This dissertation study aimed, first and foremost, to address the current scarcity of assessments of productive and contextualized academic vocabulary in English, and thus contribute to the Applied Linguistics and Language Assessment field, by developing what seems to be the first IRT-based computer-adaptive test of productive and contextualized breadth of academic vocabulary in English (henceforth, CAT-PAV), which will be made freely available online to any researchers, ESL instructors, or other interested parties who believe the test can potentially be useful for their specific scenarios. A second aim of the present study was to validate the interpretation of scores from the CAT-PAV and their use for two specific scenarios at Iowa State University (ISU): as a diagnostic tool, or as an ESL placement aid for Iowa State’s English Placement Test (EPT).

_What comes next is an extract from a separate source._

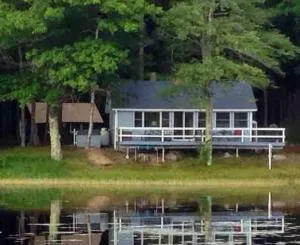 Idyllic Wooded Lakeside Retreat - Ossipee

The development of the CAT-PAV was informed by evidence-centered design (Mislevy & Riconscente, 2006), a test development framework that allows for a close alignment of test development decisions with interpretations of precisely what is being measured. The validation of the intended interpretation and specific uses of the CAT-PAV presented here, in turn, was informed by an argument-based approach to validation (Chapelle, Enright, Jamieson, 2008; Kane, 2013), which specifies through an interpretive argument a chain of inferences for the interpretation and uses of test scores, along with a detailed and explicit definition of what kind of support is required for each of those inferences to be warranted in a subsequent validity argument. Five inferences were employed in the validation of the interpretation and uses of CAT-PAV scores: Domain Description, Evaluation, Generalization, Explanation, and finally, Utilization. Analysis of the extent to which each of the five inferences could be supported was based primarily on the responses of over 900 test takers (which included ESL instructors) to test items and pre- and post-test questionnaires, collected over a period of four months.

Results indicated that the first four inferences in the validity argument for CAT-PAV score interpretation and use were fully warranted, whereas the Utilization inference could only be partially warranted at this time. The task type utilized in the CAT-PAV was shown to be present in materials employed in ESL classes at ISU, and the great majority of ESL instructors polled indicated that the knowledge and abilities required to achieve a good score in the CAT-PAV are also necessary when using academic vocabulary in ESL classes at ISU (support for Domain Description inference). CAT-PAV items were shown to be increasingly monotonic, essentially unidimensional, and all versions of the test showed reliabilities above 0.91 (support for Evaluation inference), while alternate-form reliability for the test was also high (support for Generalization inference). Finally, correlations between CAT-PAV scores and scores on other tests requiring substantial knowledge of academic vocabulary, such as the TOEFL iBT or Laufer and Nation’s (1999) Vocabulary Levels Test Academic were positive (support for Explanation inference), and the majority of ESL test takers indicated that taking the test had a positive effect on their academic English, while the majority of ESL instructors believed that use of the CAT-PAV as a diagnostic or placement-aid tool at Iowa State could positively impact ESL learners and their development of academic English (partial support for the Utilization inference).

Limitations of the present study, pertaining to item development, data collection, and test administration will be discussed. Validation issues that require further investigation will also be discussed, and suggestions for future research into the CAT-PAV will be provided, with a focus on possible ways to quickly expand the current item bank for the test.